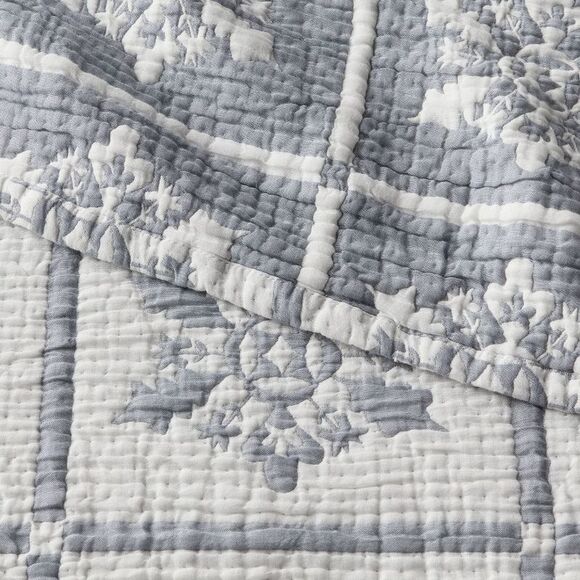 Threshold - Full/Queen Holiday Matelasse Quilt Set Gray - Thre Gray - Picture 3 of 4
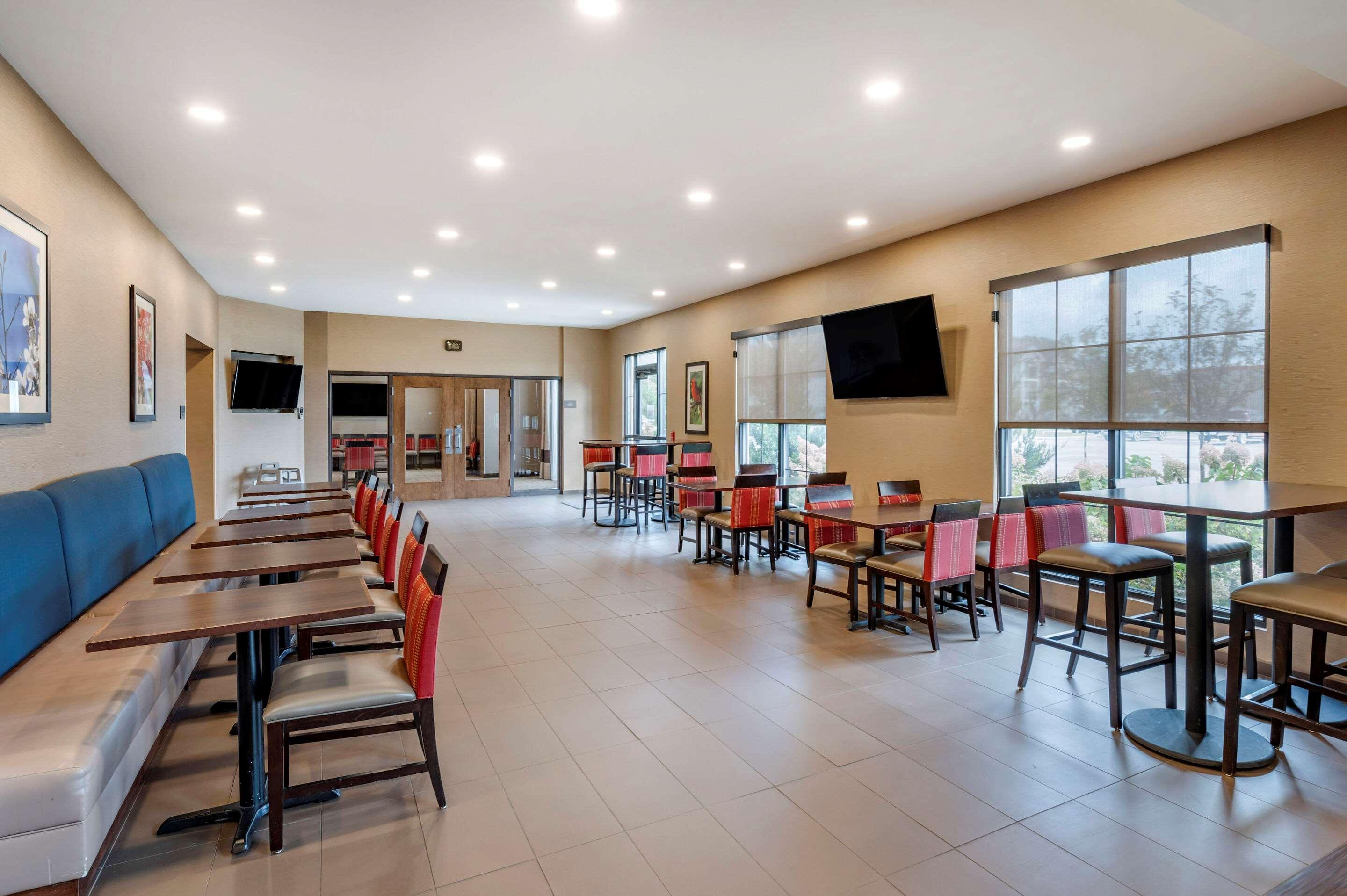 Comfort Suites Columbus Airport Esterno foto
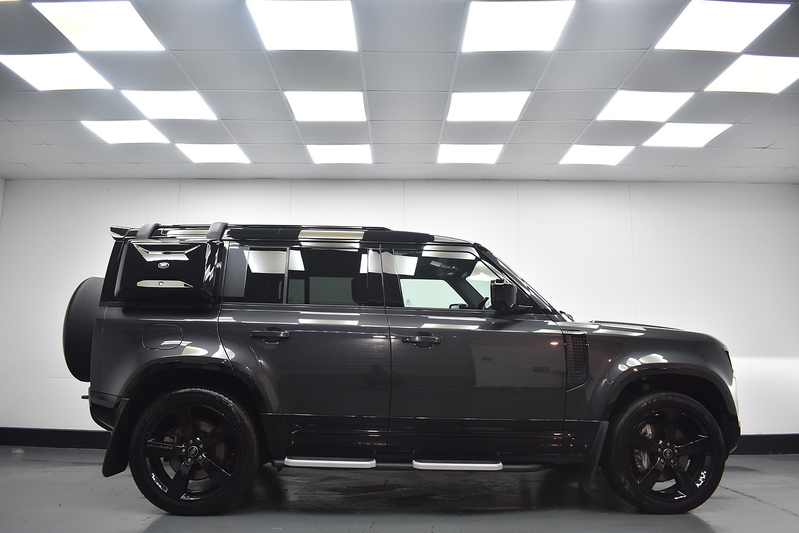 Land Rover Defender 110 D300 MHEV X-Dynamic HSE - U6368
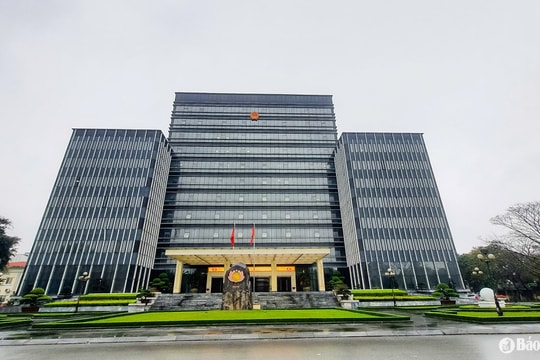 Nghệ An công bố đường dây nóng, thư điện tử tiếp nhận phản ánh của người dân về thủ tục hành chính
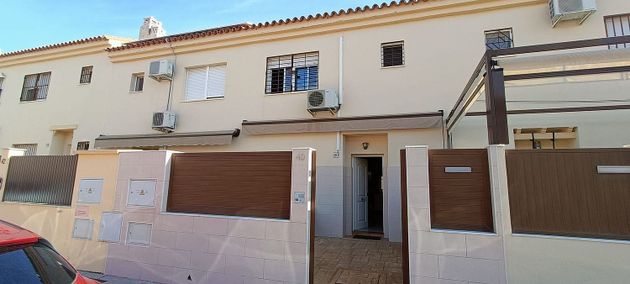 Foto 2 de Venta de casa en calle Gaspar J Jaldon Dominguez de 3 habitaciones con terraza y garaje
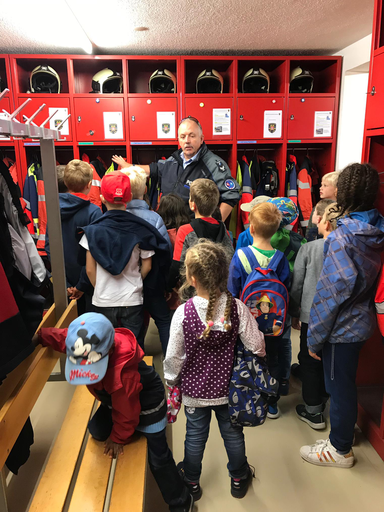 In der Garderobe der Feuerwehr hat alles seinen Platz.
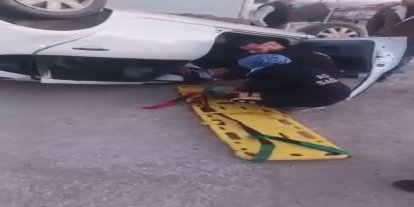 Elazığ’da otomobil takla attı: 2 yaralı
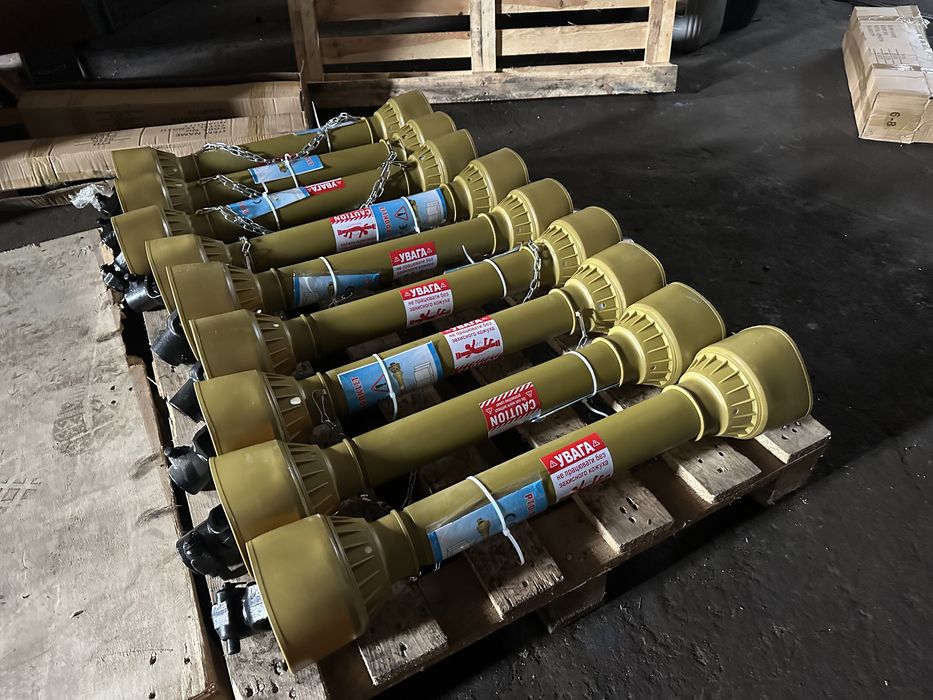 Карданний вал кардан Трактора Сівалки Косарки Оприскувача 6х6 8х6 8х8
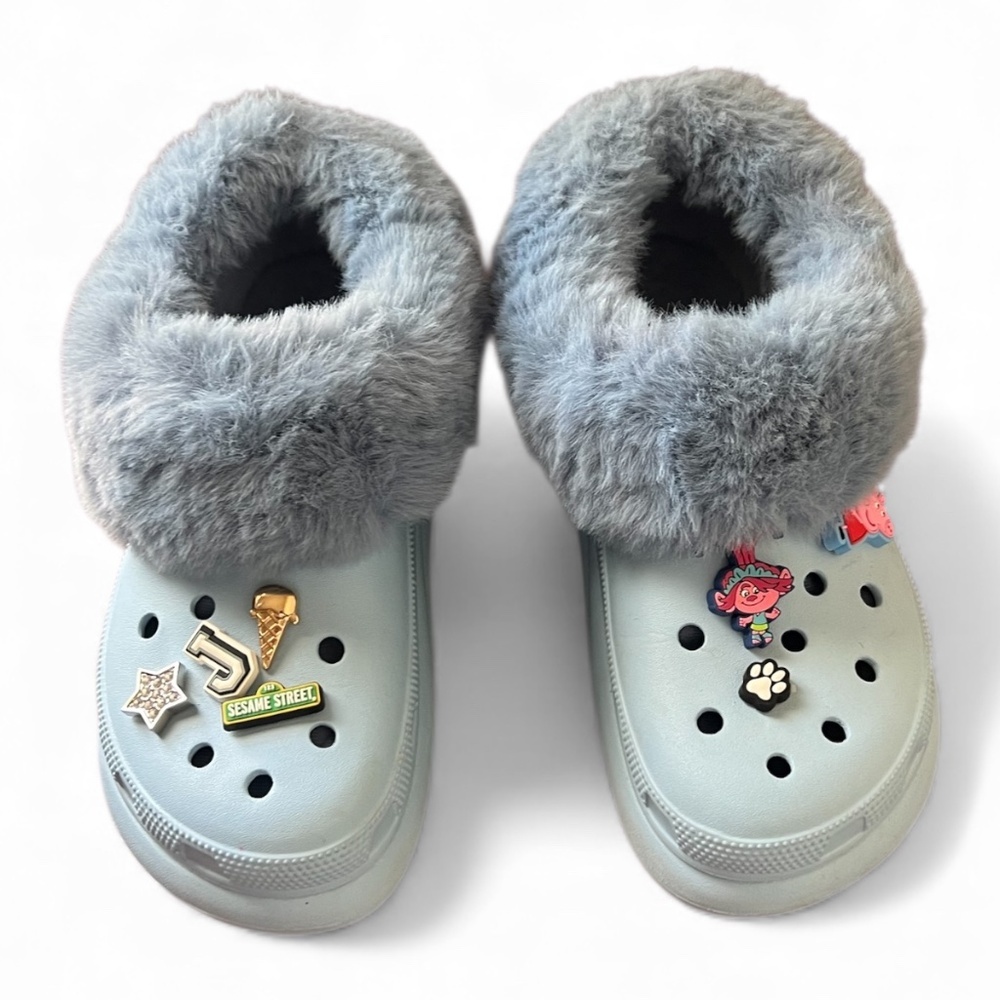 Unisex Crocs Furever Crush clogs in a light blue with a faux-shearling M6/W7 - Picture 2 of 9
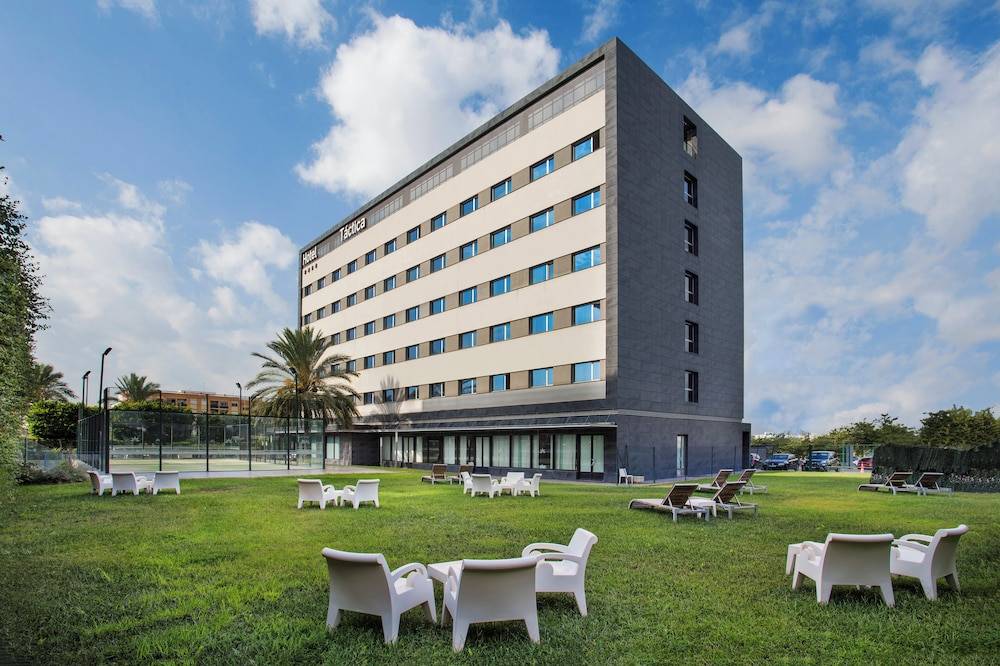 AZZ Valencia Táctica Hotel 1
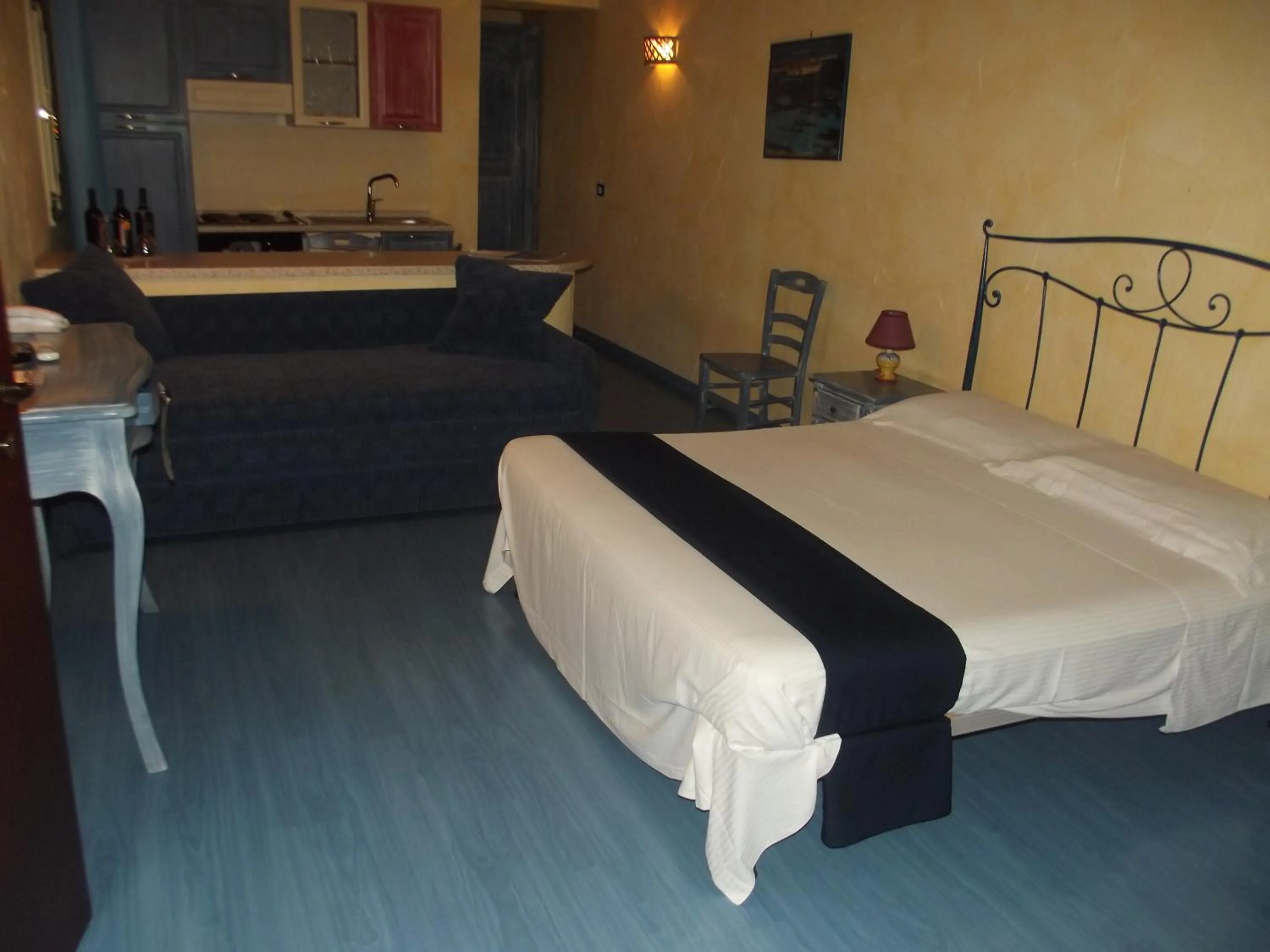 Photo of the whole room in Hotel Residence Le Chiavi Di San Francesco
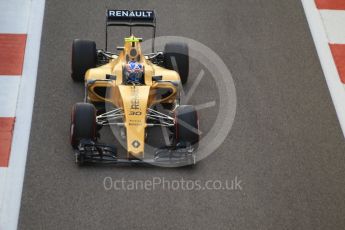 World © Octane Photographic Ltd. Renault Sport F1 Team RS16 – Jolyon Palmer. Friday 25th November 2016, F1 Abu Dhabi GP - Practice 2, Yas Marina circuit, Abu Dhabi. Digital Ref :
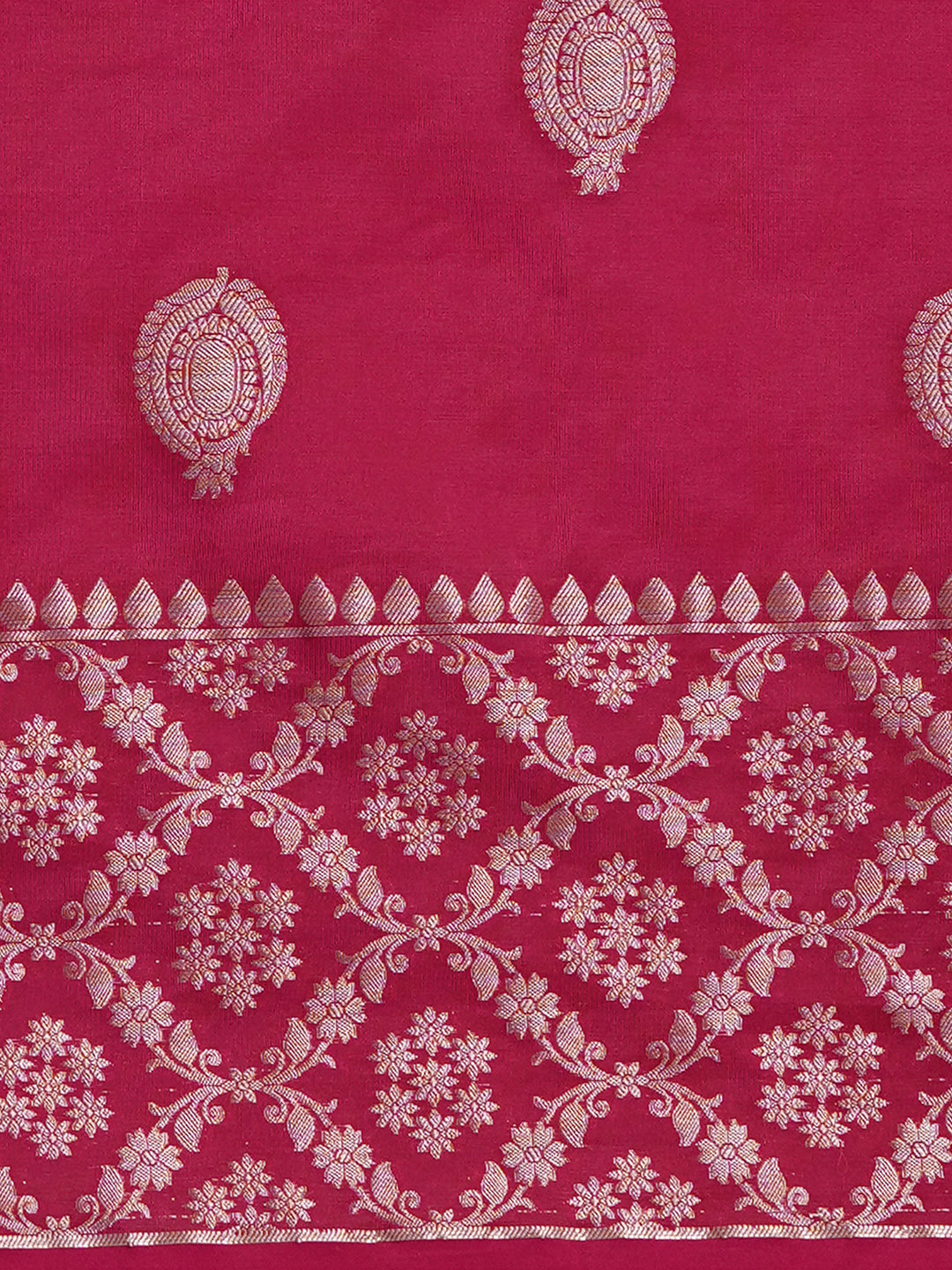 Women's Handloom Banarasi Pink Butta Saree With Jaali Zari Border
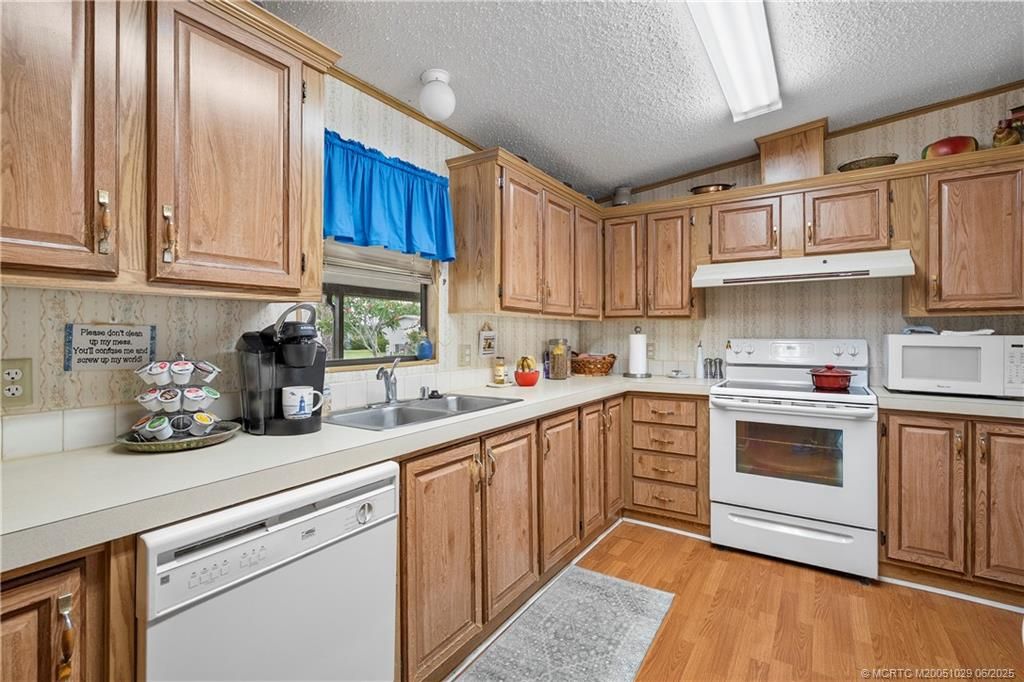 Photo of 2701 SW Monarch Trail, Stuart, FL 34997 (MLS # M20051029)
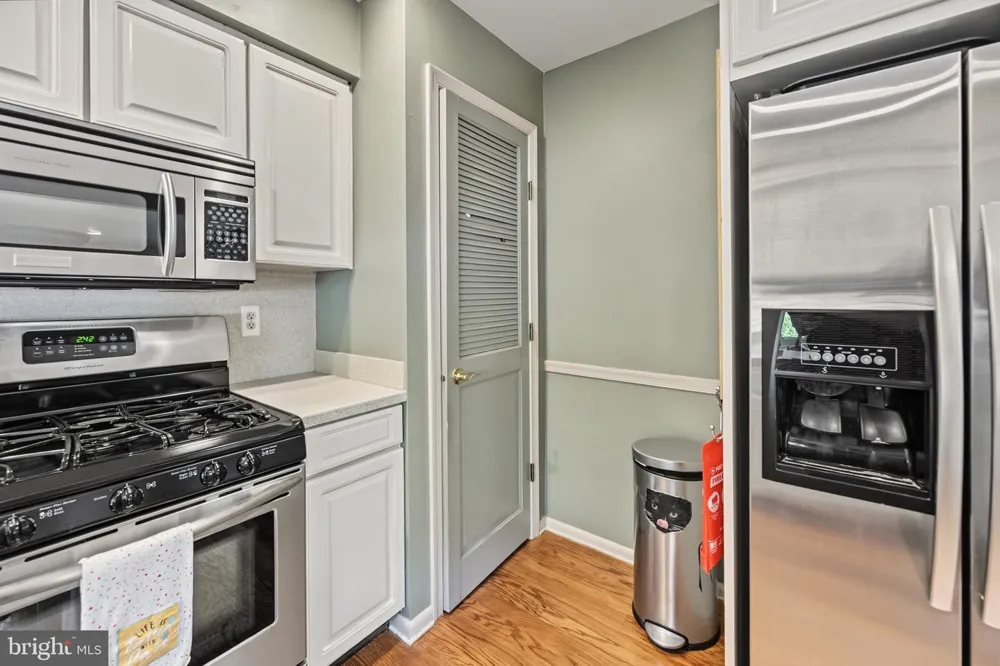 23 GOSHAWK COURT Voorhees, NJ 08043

____________________

The answer must be the lines above, word for word, from the first one through the line with "In der Garderobe", pictures excluded.

= ANSWER SPACE =
 Threshold - Full/Queen Holiday Matelasse Quilt Set Gray - Thre Gray - Picture 3 of 4
 Comfort Suites Columbus Airport Esterno foto
 Land Rover Defender 110 D300 MHEV X-Dynamic HSE - U6368
 Nghệ An công bố đường dây nóng, thư điện tử tiếp nhận phản ánh của người dân về thủ tục hành chính
 Foto 2 de Venta de casa en calle Gaspar J Jaldon Dominguez de 3 habitaciones con terraza y garaje
 In der Garderobe der Feuerwehr hat alles seinen Platz.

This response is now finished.